Production will continue to drift down in the presently producing fields so the desire of the oil industry is to add new production from the National Petroleum Reserve-Alaska (NPR-A), west of Prudhoe Bay, and conceivably the Arctic National Wildlife Refuge-Alaska (ANWR-A), east of Prudhoe Bay.
A few discoveries in the NPR-A have been made in recent years such as Willow, Willow West and Peregrine which explains the U.S. DOE/EIA projection in Table III for future Alaskan oil production.
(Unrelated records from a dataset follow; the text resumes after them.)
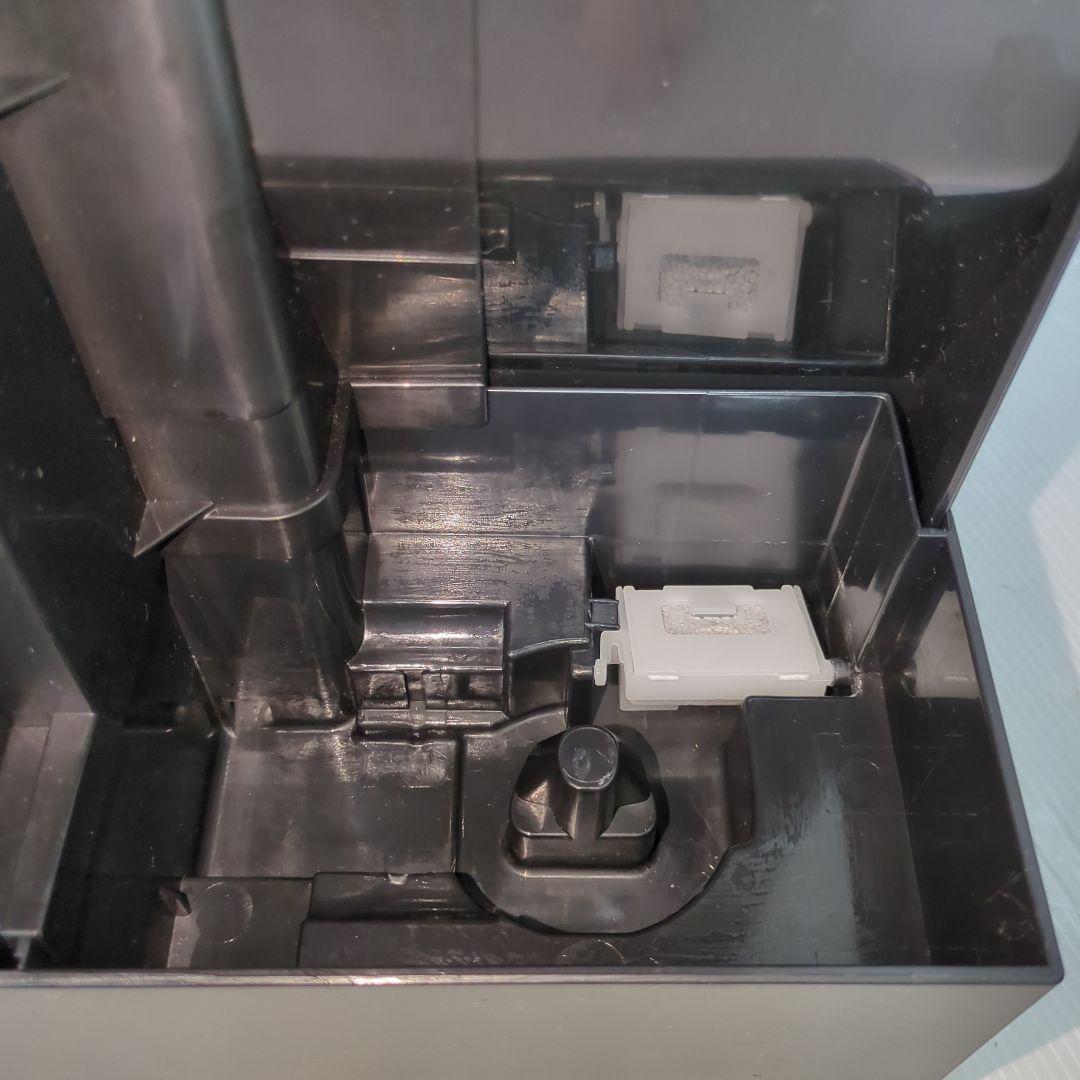 パナソニック 加湿空気清浄機 ナノイーX 　F-VC70XV 31畳 クロ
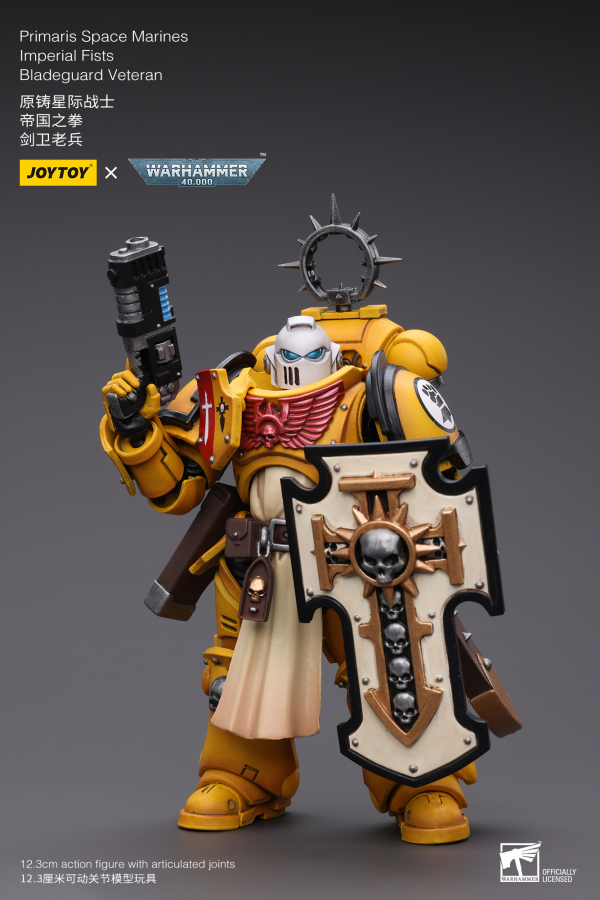 Joytoy: Imperial Fists - Bladeguard Veteran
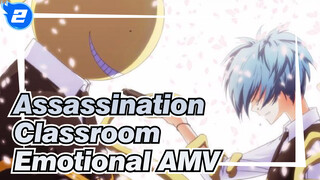 Assassination Classroom / Emotional / Koro-sensei / Class 3E_2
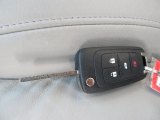2011 Buick LaCrosse CXL Keys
The Willow field is projected to start production in 2024/2025. Production from new fields will be superimposed on declining production from old fields which will limit any production rate increases for the state of Alaska.
Total U.S. Oil Production
Figure X is a graph of total U.S. oil production from 1930 through 2021.
*Data from the U.S. DOE/EIA
In 2021, U.S. oil production was down 1.10 mb/d relative to 2019. Higher oil prices in 2022 will increase oil development activity but 1.10 mb/d is a large hill to climb to get back to the 2019 level. Based upon weekly oil production data through May 1, 2022 from the U.S. DOE/EIA, it appears extremely unlikely that U.S. oil production in 2022 will exceed that of 2019.
What remains for possible oil development in the U.S. that is at least somewhat favorable in terms of geology are some areas of the Gulf of Mexico and the Arctic National Wildlife Refuge in Alaska.
The Biden administration opened another 80 million acres within the Gulf of Mexico to oil and gas development in 2021. Shell, BP, Exxon Mobil and Chevron offered $192 million for drilling rights on about 1.7 million acres. The 80 million acres has an estimated 1.1 billion barrels of recoverable oil. That is a fairly trivial amount when you consider that in 2021 the U.S. consumed approximately 7 billion barrels of liquid hydrocarbons. Right now the 80 million acres is in judicial limbo and will be for some time.
It’s hard to tell when, or if, ANWR-A will ever be developed for oil and gas. In my view, it will probably be comparable in production potential to the NPR-A. I think 3-4 billion barrels is about the best to be expected for economic recoverability. That would have a minor impact on total U.S. oil production in the future.
Over the years I have seen estimates of recoverably oil in ANWR-A of up to 300 billion barrels. It’s amazing the degree to which some people in the oil industry can exaggerate. The objective of the exaggeration is to make ANWR-A sound so good that it can’t be passed up as a place for oil development.
Since 2019, the cheerleading of the fracking boom by the mainstream U.S. media has gone silent. It’s not unusual that there wasn’t media coverage in 2020 because of the downturn in oil production due to low oil prices but with prices increasing substantially in 2021 and 2022, there is still no cheerleading coverage of tight oil production that I have encountered. I attribute that to the fact that production is no longer booming.
In response to the Russian/Ukraine conflict, I have heard several politicians and media personalities’ state that the U.S. should crank up U.S. oil production. The individuals I have heard made it sound like all the industry had to do is open some valves and U.S. oil production would surge. It doesn’t quite work like that.
Due to the elevated price of oil at present it’s realistic that U.S. production will increase this year as future development is shifted into the near term. That doesn’t mean that depletion has disappeared, just masked a bit.
Making up 1.10 mb/d to get back to the 2019 production level will be a considerable challenge and I think there is a significant possibility that 2019 will be the peak year of U.S. oil production associated with tight oil development. A few more years of production below the 2019 level would confirm that conclusion.